Record Number of Israelis Traveled Overseas This Summer

Lower airfares create summer exodus, but incoming tourism continues to sag in wake of 2014 Gaza war.

The arrivals hall at Ben-Gurion International Airport, August 25, 2016.
Ofer Vaknin

The arrivals and departures halls of Ben-Gurion Airport have been packed all summer long. By Wednesday, close to four million people will have passed through Israel’s main international airport in July and August, a record.

Some 1.92 million people went through Ben-Gurion airport in July, a 9% increase from a year ago, and August is expected to reach 2 million. Last Thursday, a record 86,500 people boarded or got off 496 international flights, according to the Israel Airports Authority.

The catch is that an unusually large number of them are Israelis taking flights for holiday vacations overseas. The number of foreign tourists visiting Israel is down about 1.9%, and the decline was an especially sharp 5% for July.

Incoming tourism never recovered from the body blow it suffered in the summer of 2014 when, in the middle of Operation Protective Edge, a host of foreign airlines suspended service after a Hamas rocket landed near Ben-Gurion airport.

Tourist arrivals that year fell to 194,000 in July, from 246,000 the year before, according to the Central Bureau of Statistics. They recovered almost to pre-conflict levels last year, to 245,000, but dropped to 232,000 this July.

Meanwhile, the number of Israelis flying abroad has grown steadily since the Open Skies agreement with the European Union went into effect three years ago, creating more competition by allowing more carriers to ply routes between Israel and Europe in particular low-cost carriers.

“Our figures show a major decline of 30% in the price for a vacation in the most popular destinations overseas since 2013,” said Ziv Ronen, CEO of the online travel site Gulliver.

In 2012, a year before Open Skies, 563,000 Israelis flew out of Ben-Gurion airport on international flights. That number grew to 628,000 the following year, and reached 831,000 this July. By the end of August, the number will exceed 1.5 million for the summer.

Industry sources say plunging oil prices and increased use of the internet for reservations have helped, too, by cutting fuel and labor costs.

The Israeli travel revolution has been a boon to El Al Airlines, which, despite fears that Open Skies would hurt it, remains the biggest carrier out of Ben-Gurion, with 31% of all international flights. Its smaller rivals, Israir and Arkia, each account for 10%.

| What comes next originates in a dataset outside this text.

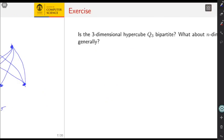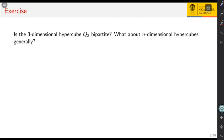Let's do some exercises before we develop a general procedure to determine whether a graph is bipartite or not. The question is: is the three-dimensional hypercube Q3 bipartite? And what about Q_n, the n-dimensional hypercube? Try to solve this first, and then we will discuss the solution in the next video.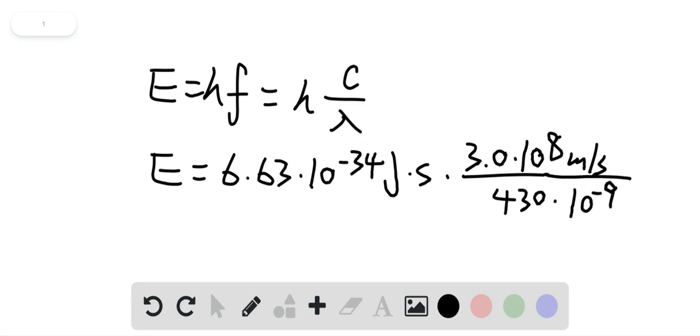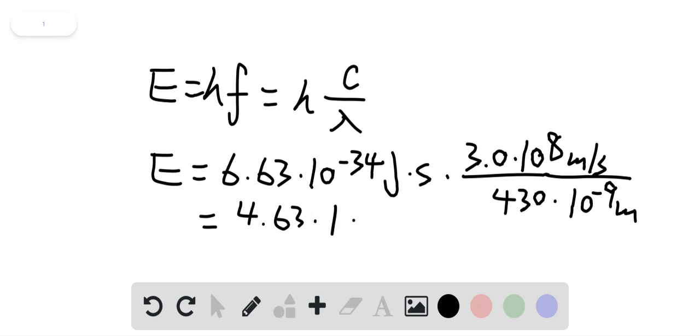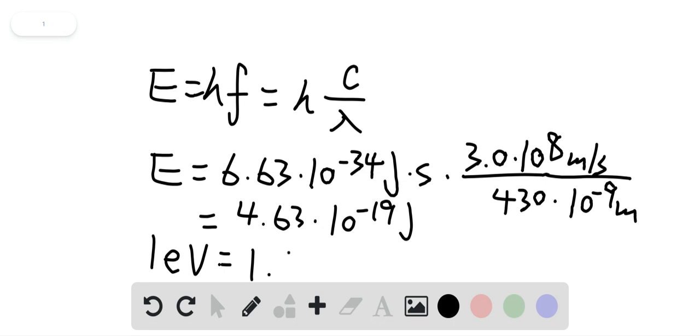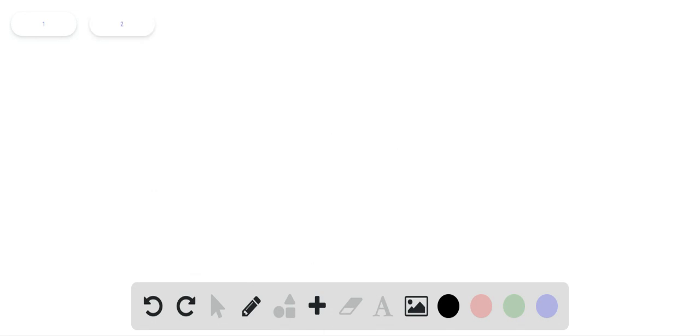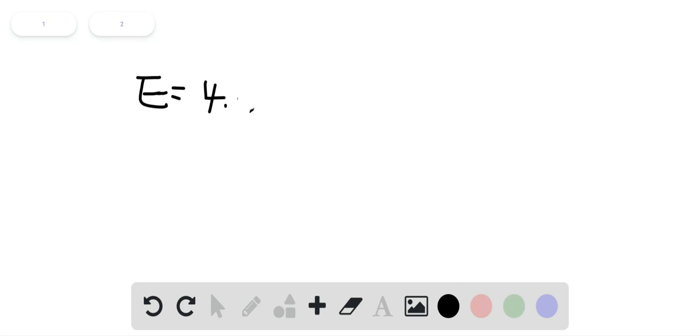This gives us about 4.63 times 10 to the negative 19 joules. We know that 1 electron volt is 1.6 times 10 to the negative 19 joules. So E equals 4.63 times 10 to the negative 19 joules.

In the second quarter, Israel’s flag carrier said net profit reached $35 million in the quarter, from $17 million a year earlier, as jet fuel expenses slid 21%, its load factor edged higher to 82.3% and its market share at Ben-Gurion increased to 34.2%.

The big loser since Open Skies took effect has been domestic tourism, especially the southern resort city of Eilat, where travel agencies said reservations are down between 5% and 15% this summer, compared with a year ago.

The Airports Authority reported that the number of domestic flights last month was down 3%, and the number of people flying them down 10.5%. Overnight stays by Israelis at Israeli hotels were down about 5% in July, according to the Israel Hotels Association.

Ronen said Israelis were less interested in Eilat than before not because prices there have risen, but because airfare overseas has become so cheap.

The wave of terror attacks in Europe hasn’t deterred Israeli tourists, although it caused them to adjust their plans. They are avoiding Western Europe in favor of more out-of-the-way destinations like the Greek islands, which accounted for 9.5% of all flights out of Ben-Gurion. Travel to Cyprus is up 34.5%, Bulgaria 28% and Romania 24.5%, according to Airports Authority figures.